WORKERS WHOSE pension funds have been severely hit by the current slump in equity markets may be allowed defer taking a retirement annuity for two years under plans proposed by Minister for Social and Family Affairs Mary Hanafin.
But they will have to rely in that time on income from the State pension unless they continue to work or have savings on which they can draw.
Ms Hanafin told The Irish Times that the Department of Finance was "sympathetic to deferring it [a pension annuity] for two years". But those who chose that path "would be taking a risk, obviously".
Asked what would be the source of income for pensioners who deferred the annuity for two years, she replied: "Most of these people would have a State pension [€230.30 a week], and the State pension is a good guarantee to fall back on."
The Minister's comments came as new figures showed managed pension funds suffered a further 4 per cent fall in October. As a result, the average Irish pension is now worth over 32 per cent less than it was at the start of the year.
Ms Hanafin was speaking after the leak at the weekend of a departmental memo pointing to a hole of between €20 billion and €30 billion in defined-benefit pension schemes and noting that more than 90 per cent of these funds were expected to be in the red at the end of this year.

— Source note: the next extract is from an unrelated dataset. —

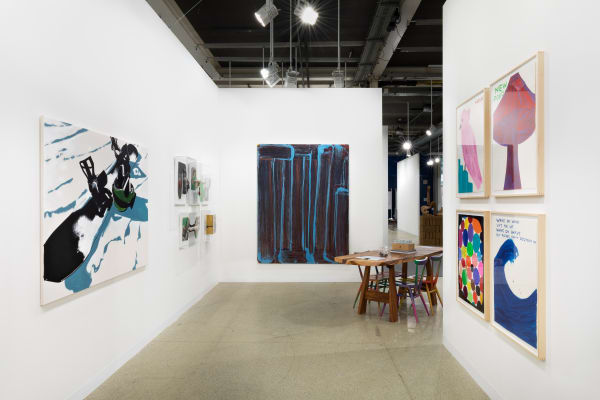 Installation view of Art Basel featuring a blue painting by Richard Janitz on back walll.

The Minister pointed to a number of measures the Government was taking in an effort to alleviate the crisis. These include giving occupational pension funds 18 months to present a plan on how to restore their defined-benefit schemes to fully-funded status. The Pension Board noted this was a six-month extension on the current period for such a plan.
Speaking on RTÉ yesterday, the Minister said: "We are working closely with the industry . . . It came upon us very quickly and we might come out of it over the next couple of months . . . No matter what happens their private pension, there is always the State pension to fall back on . . . it's not as if somebody will be left with nothing."
Ms Hanafin also said that no pension fund had yet shut down.
However, survey data being presented this morning at a seminar by pension consultants Watson Wyatt indicates that employers are beginning to consider more drastic reform of pension schemes. Asked whether they would review pension arrangements for staff over the next 12 months, 20 per cent said yes and a further 56 per cent were undecided.
Of those planning a review, a significant majority, 73 per cent, said they envisaged changes that would impact not just on new staff but on workers who are already members of the scheme.
"People have been talking about taking action; now they're doing it and doing it aggressively," said Ray McKenna, partner and managing consultant at Watson Wyatt. "Employers are making the choice between their business and their [employees'] pension fund."